Platform ports (community-maintained only)

This repository is the reference distribution of ARS, built for Claude Code. Ports to other agent platforms (Opencode, Cursor, Continue, Aider, etc.) are accepted as community-maintained contributions. Two structural shapes are acceptable — both keep core ARS content as the source of truth:

  • In-tree wrapper. Add a top-level <platform>/ directory in this repo (e.g. opencode/) containing the manifest, plugin entry, and dispatch shims. Core ARS files (skills/*/SKILL.md, agents/*.md, shared/, scripts/) remain unmodified.
  • Sibling distribution. A separate repository that vendors ARS workflow content with: (1) upstream commit hash pinned (e.g. in a manifest.json); (2) a written update / sync policy; (3) vendored content unmodified — only the outer routing / adapter layer is platform-specific.

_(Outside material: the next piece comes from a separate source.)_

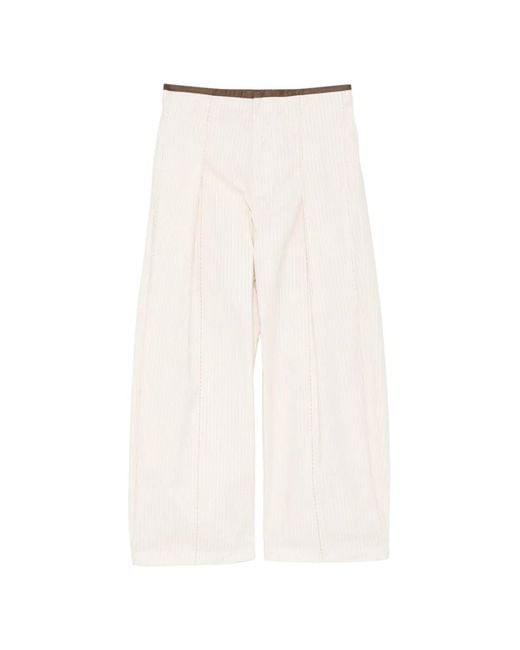 CROQUIS White Pinstripe Pleated Trousers for men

Either shape is accepted under the same maintainer-facing conditions:

  • Named maintainer. The PR description (in-tree) or repo README (sibling) must identify who will keep the port in sync with ARS minor releases (~6-week cadence) and triage platform-specific bug reports. Platform-specific issues will be redirected to that maintainer.
  • End-to-end evidence. Include at least one full academic-pipeline run on the target platform, committed under examples/<platform>/ (in-tree) or under an examples/ path in the sibling repo, so regressions are detectable.
  • Model-portability note. ARS prompts are calibrated against Claude (Opus for architecture/review, Sonnet for execution; never Haiku). The PR must document which providers/models were tested and where downstream-agent behavior diverged from the Claude baseline.
  • Open a design issue first before submitting the PR (for in-tree) or before requesting sibling-distribution recognition in this repo's README.

PR guidelines

  • One concern per PR — don't mix unrelated changes
  • Describe what and why — explain the motivation, not just the change
  • Reference issues — if your PR addresses an open issue, link it
  • Test your changes — if you're modifying agent definitions, try running the skill to confirm it works as expected
  • Keep READMEs in sync — if your change affects user-facing documentation, update both README.md and README.zh-TW.md

Governance

Maintainer

The repo is maintained by Cheng-I Wu (HEEACT). The maintainer has final say on all merges.

Decision principles

  1. Accuracy over completeness — we'd rather have fewer, verified journal entries than a long unvetted list
  2. Human-in-the-loop always — contributions that reduce human oversight or enable fully autonomous paper generation will be declined
  3. No detection evasion — features designed to make AI-generated text harder to detect (as opposed to higher quality) are out of scope. See Issue #3 for context.
  4. Discipline diversity welcome — ARS defaults to higher education research but aims to be domain-agnostic. Discipline-specific modules are encouraged.

Academic integrity policy

This repo is designed to be assistive, not deceptive. See POSITIONING.md for the full design philosophy. Contributors must not add features designed to evade AI detection tools. If unsure, open an issue to discuss before submitting a PR.


Credit

Contributors are credited in commit messages, CHANGELOG entries, and the Contributors section of the README. For significant contributions (new features, major reference files), we also add a mention in the relevant release notes.

License

By contributing, you agree that your contributions will be licensed under CC BY-NC 4.0. See POSITIONING.md for usage terms.

When adding a new skill

Read shared/ground_truth_isolation_pattern.md before writing the SKILL.md. It explains the three-layer model behind the data_access_level and task_type frontmatter fields and lists the do/don't rules for handling evaluation rubrics, gold labels, and answer keys.